Candela sin responder a la pregunta le aseguró que en menos de media hora estaba en la Brigada.
—Pues date prisa, que te estamos esperando para montar un dispositivo de búsqueda, pero no sólo del Trepa, sino del inspector Romeu, que si alguien sabe dónde puede estar eres tú. Hemos llamado a su amiga Julia, pero no para de comunicar.
—Con Julia no está, comisario. Yo estoy ahora en su casa.
—Me lo figuraba. Te quiero aquí inmediatamente.
El comisario preguntó al policía armado que custodiaba el calabozo si no había oído el estruendo que debía haber hecho la mesa cuando el Trepa abatió con ella a Manel, pero éste respondió que lo había oído cuando iba a por el agua y no pensaba que era el detenido, si no el inspector. «No es la primera vez que se les va la mano, comisario».
Claro que no. El hecho de que en su Brigada, desde que él era comisario, no se permitieran abusos hacia los detenidos, no quería decir nada. Algunas veces, cuando observaba los morados que lucían los delincuentes, los inspectores se limitaban a decir que se había autolesionado lanzándose contra la mesa o contra la pared. El policía armado tenía razón.
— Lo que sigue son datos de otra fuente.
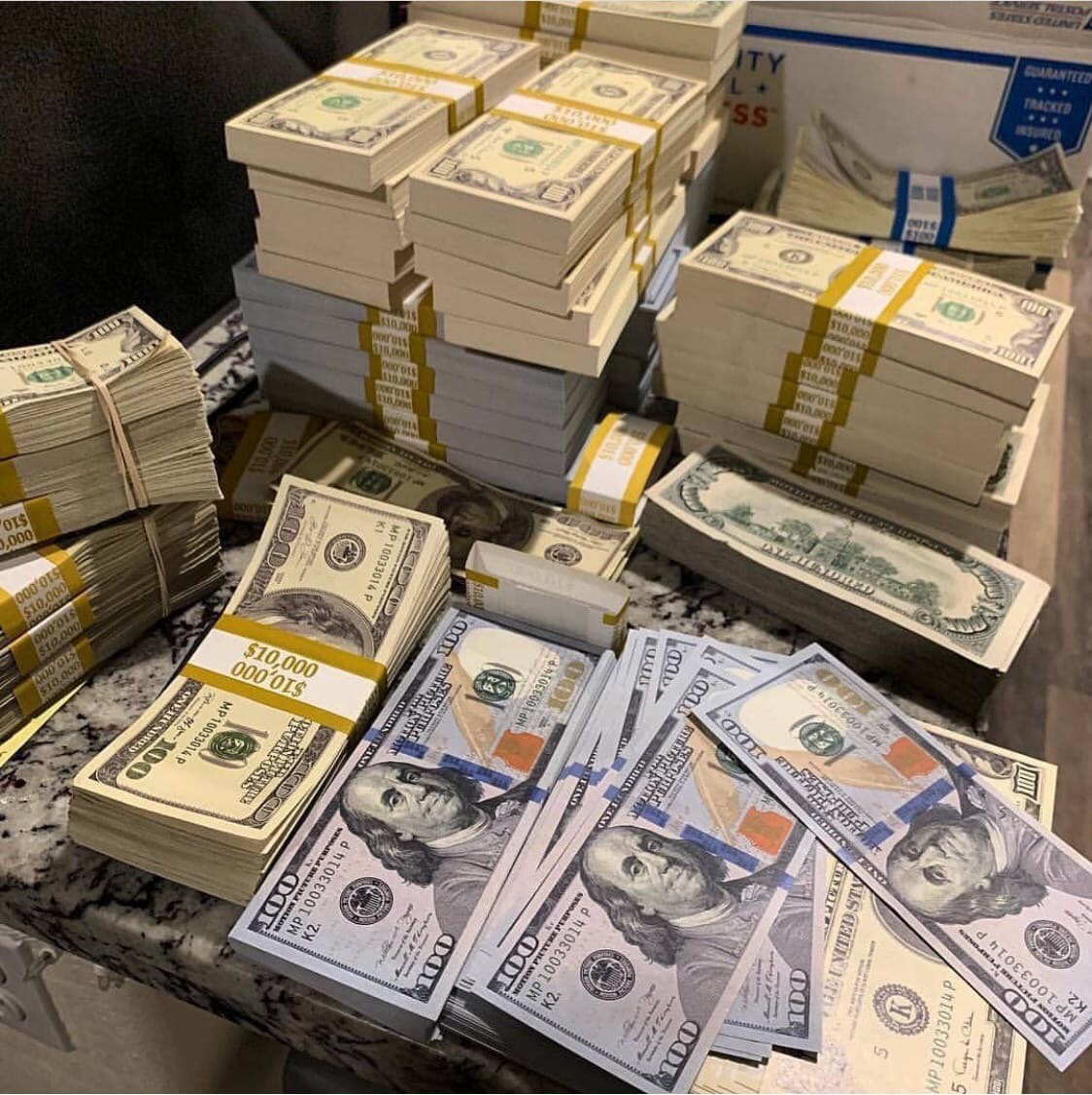 سعر الدولار مقابل الجنيه اليوم الخميس 14 نوفمبر في بداية تعاملات
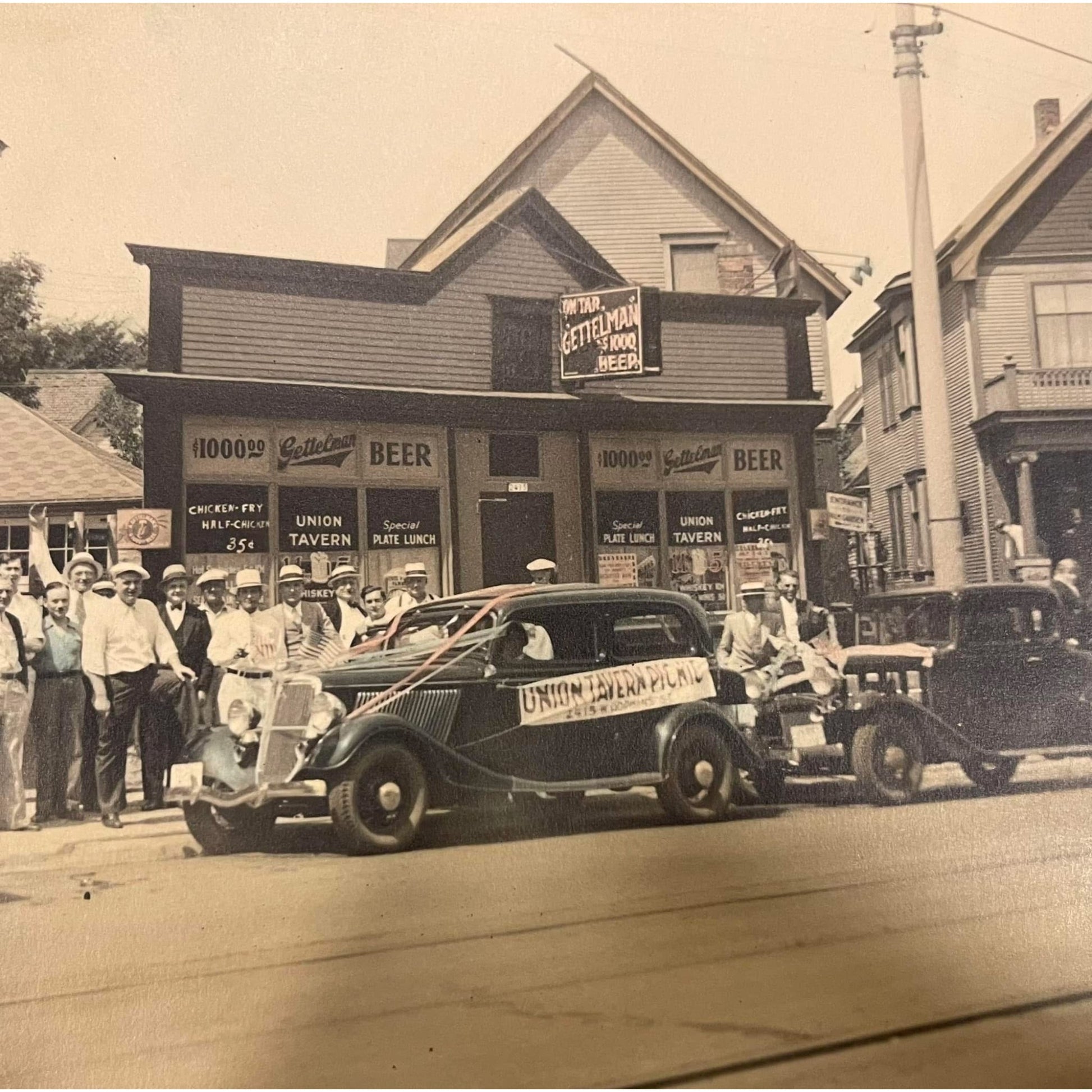 SCARCE Gettelman $1000 Porcelain Beer Sign Milwaukee WI 4ft x 3ft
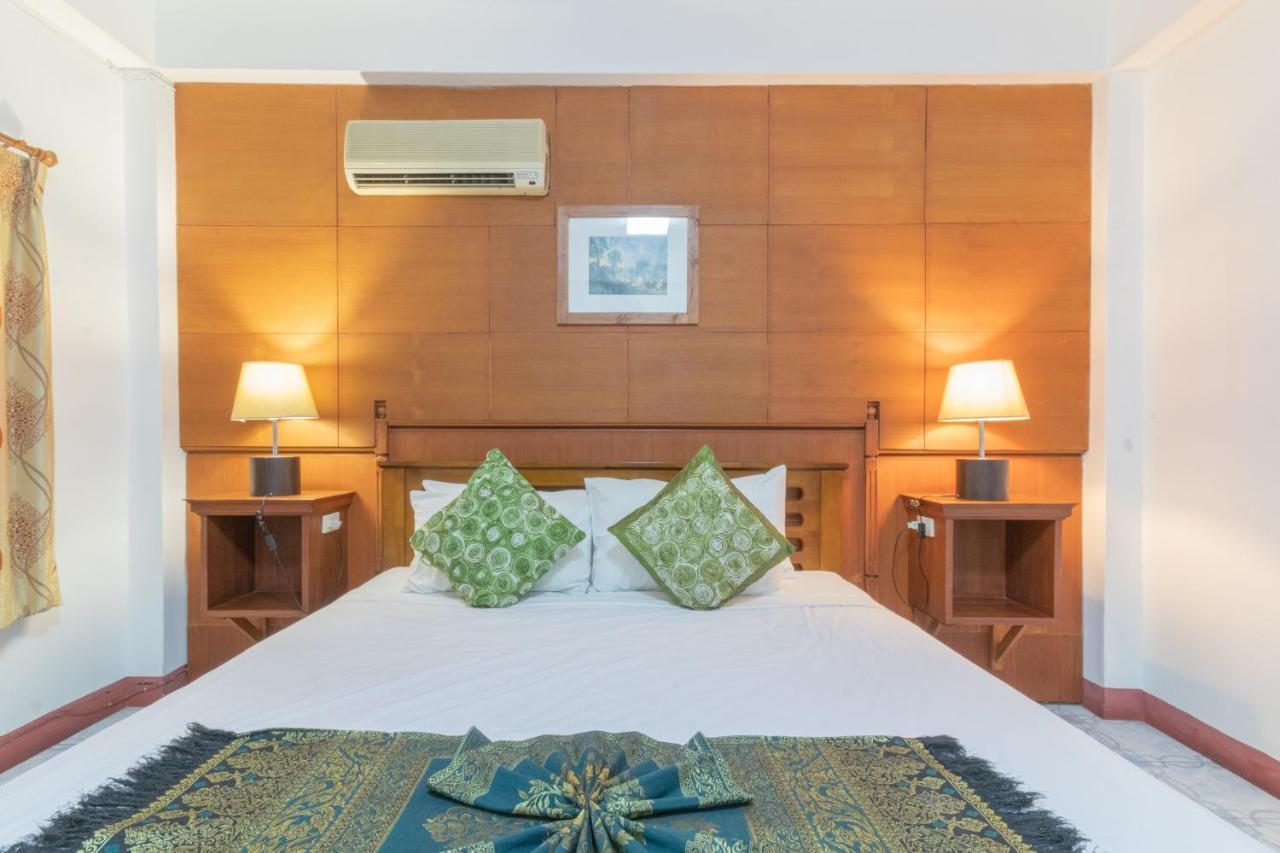 Rendezvous Oldtown Chiangmai Otel Chiang Mai Dış mekan fotoğraf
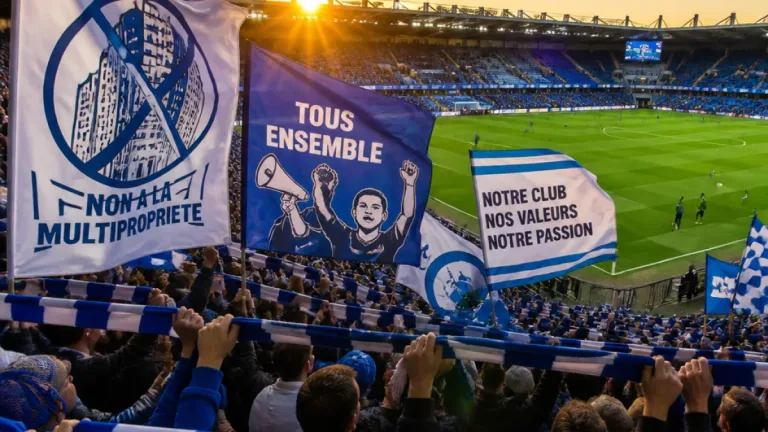 Strasbourg : les ultras du RCSA mettent fin au « quart d’heure de silence », retour aux chants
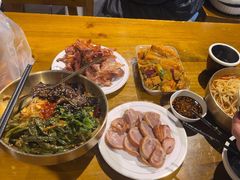 -聚合鑫东北熏酱熟食麻辣面(长阳店)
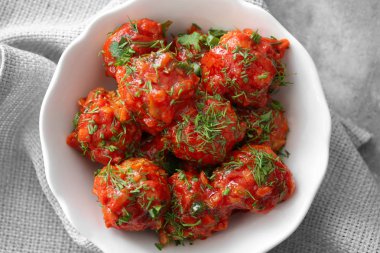 Lezzetli hindi köfte ve domates sosu tablo ile kase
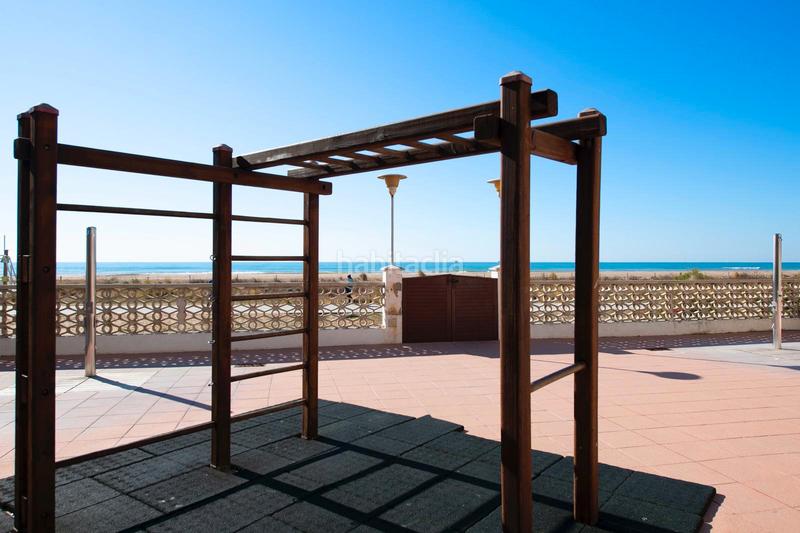 Foto f6912774-5271-4382-b4e3-5fc41cd3820a. Erdgeschoss mit heizung in Baixador Castelldefels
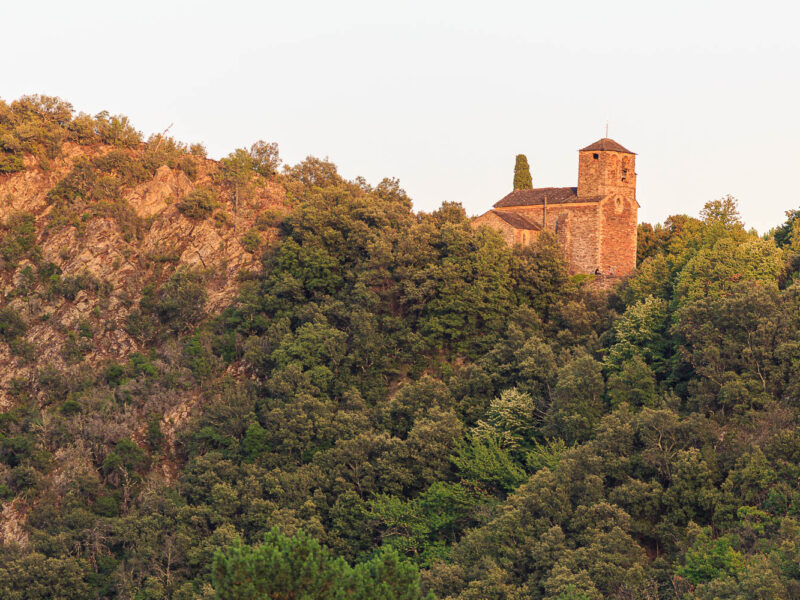 IMG_1907315210_Gard (30) Peyremale, Parc National des Cévennes, Le Mas Herm, l'église romane de Peyremale, un couple dîne au pied de l'église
No era infrecuente oír golpes durante los interrogatorios.
Candela se unió a los compañeros con los que hacía poco compartiera una comida casi festiva, pero lo único que no había cambiado eran las personas, porque el decorado del bar se había convertido en el despacho de un comisario de Brigada con la expresión más fiera que jamás había visto nadie en él y por dos inspectores que apenas levantaban la vista de sus cigarrillos. Ella entró desafiante, mirando a su jefe de frente cuando éste por toda bienvenida le lanzó un grito.
—¡A mí no me hables como si fuese una colegiala que no ha hecho los deberes, me oyes. No estoy dispuesta a tolerarlo!
Salgado no respondió. Se limitó a ocupar el sillón que había dejado vacío cuando inició sus interminables paseos por la habitación. Diego y Aurelio miraban de reojo esperando la reacción del comisario que, contrariamente a lo que pensaban, no fue violenta.